● RECORDS SUPPLIED

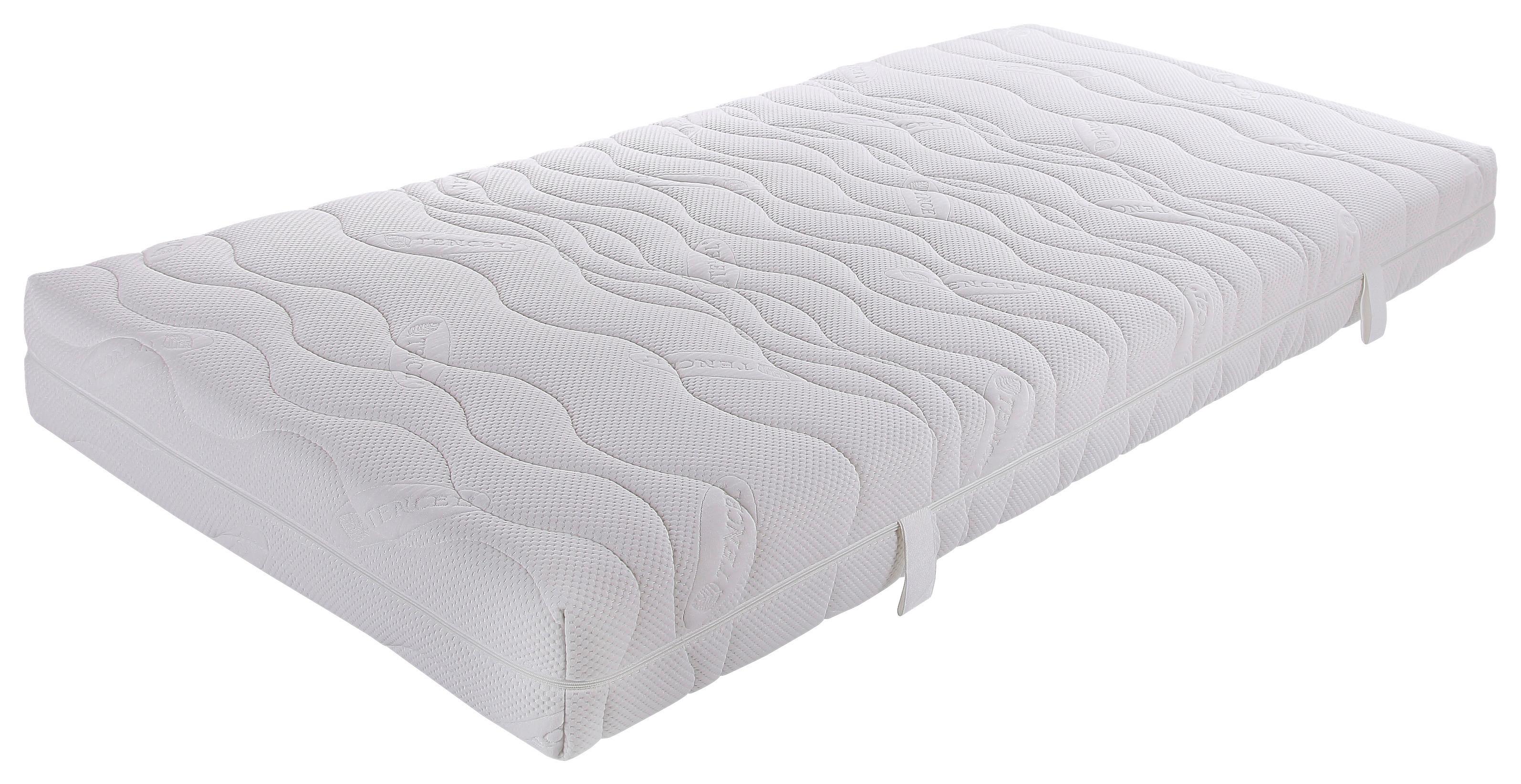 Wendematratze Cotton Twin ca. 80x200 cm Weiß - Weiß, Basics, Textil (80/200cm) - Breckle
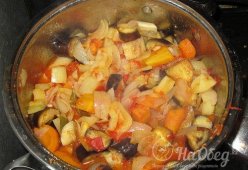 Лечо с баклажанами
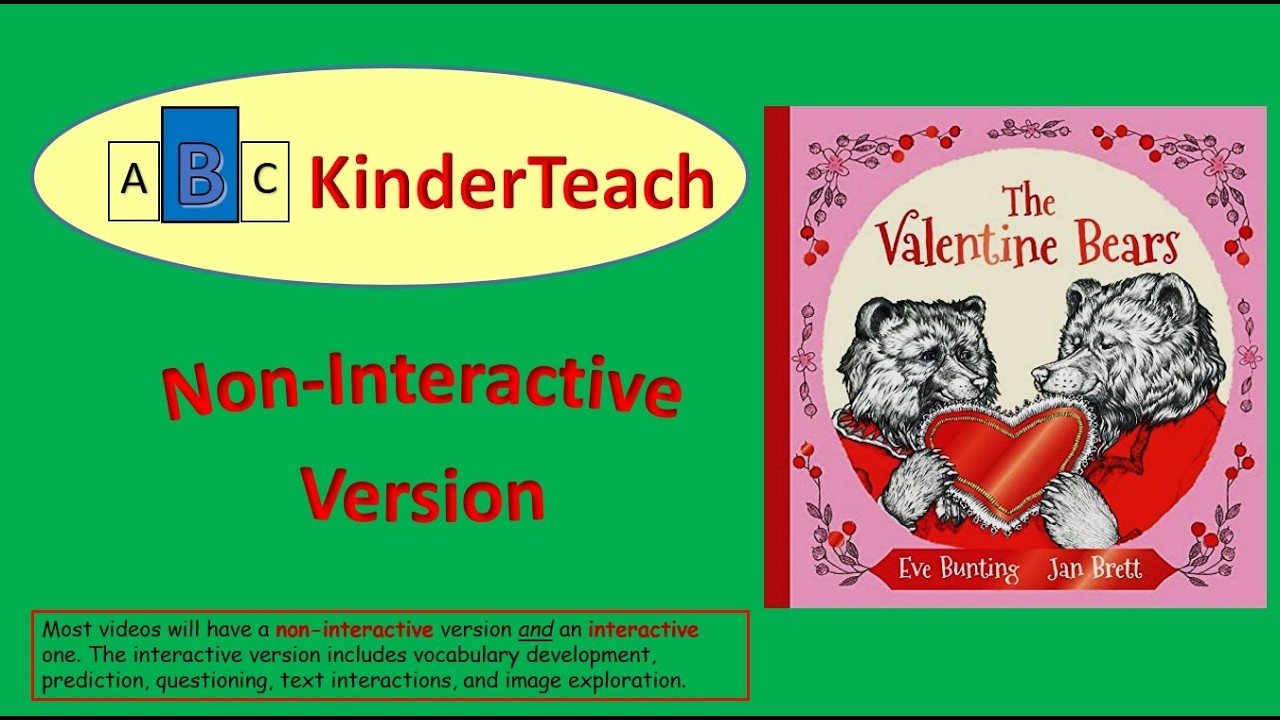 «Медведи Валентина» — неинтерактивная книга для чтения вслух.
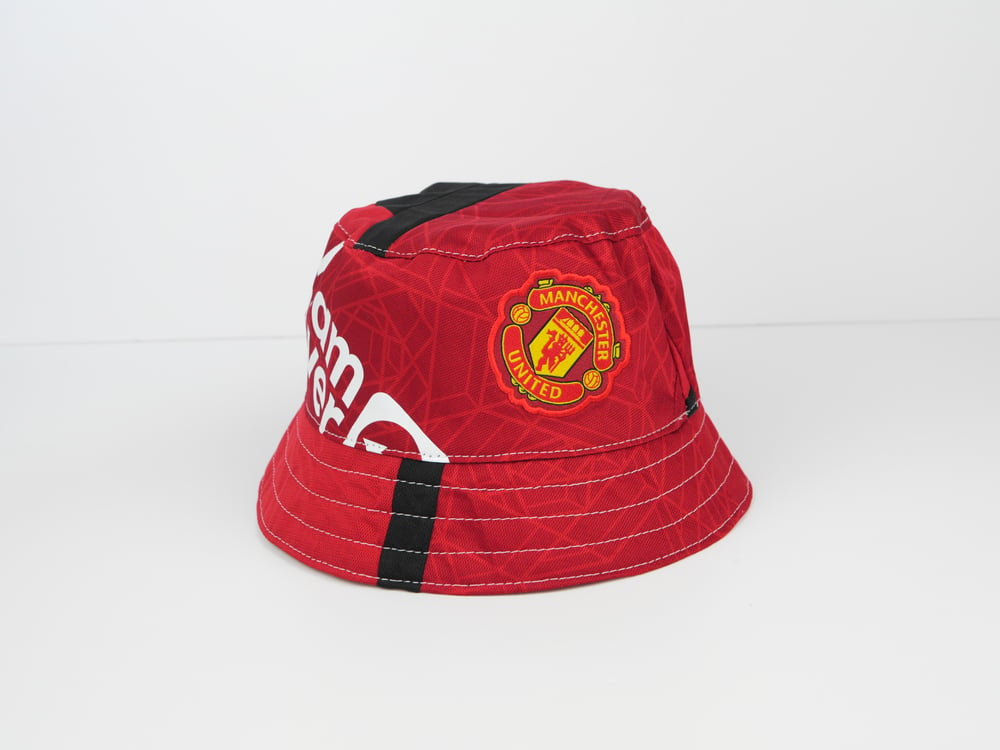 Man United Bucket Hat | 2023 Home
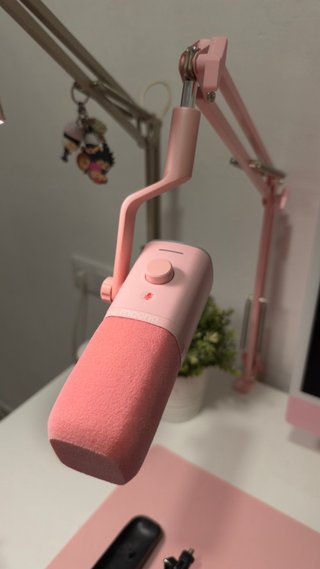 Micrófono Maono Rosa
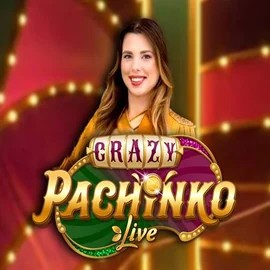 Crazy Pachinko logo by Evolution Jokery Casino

● ASSIGNED TASK
Pictures are not part of the copy; reproduce exactly and only the lines from the line containing "Micrófono Maono Rosa" through the end of the listing.

● REPLY TO THE EXERCISE
 Micrófono Maono Rosa
 Crazy Pachinko logo by Evolution Jokery Casino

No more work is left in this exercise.